My grandparents always had a vegetable garden. Not just a backyard garden, I swear they had at least half of an acre. When I was a kid I thought they had a farm instead of a garden. Planting season was a family affair in the spring. My grandparents had 6 children and 14 grandchildren. I recall heated conversations about which tomato plants needed to go in the ground and how many. I don’t know how many ever got planted, I just know there was enough for the entire family to get their fill. No summer meal was complete at anyone’s house without juicy ripe red or yellow tomatoes and hot buttered corn on the cob.
Planting weekend usually ended with a crappie fish fry.

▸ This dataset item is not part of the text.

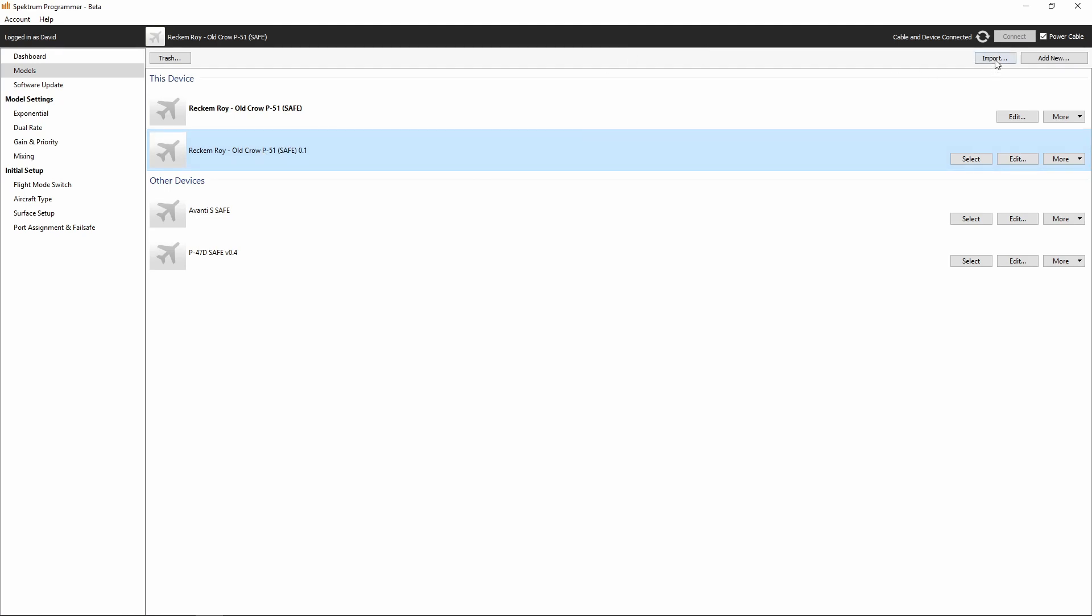Just click that import button, select your file, hit OK, and you're going to see it populate under your models. That's all there is to it.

Except I don’t recall fish being fried, I remember grills being covered in small fish and the rush to get the little ones to cram pieces of white bread down their throats when they swallowed a bone. That was supposed to make sure no bones poked through their throats. Bless their little hearts.
The best part of their garden was the strawberries they would grow. I could never eat the fresh ones since I would break out into hives whenever I tried to eat them, any strawberry really. But once they had been macerated or frozen I could eat them. Lucky for me, their freezer was always full of frozen strawberries.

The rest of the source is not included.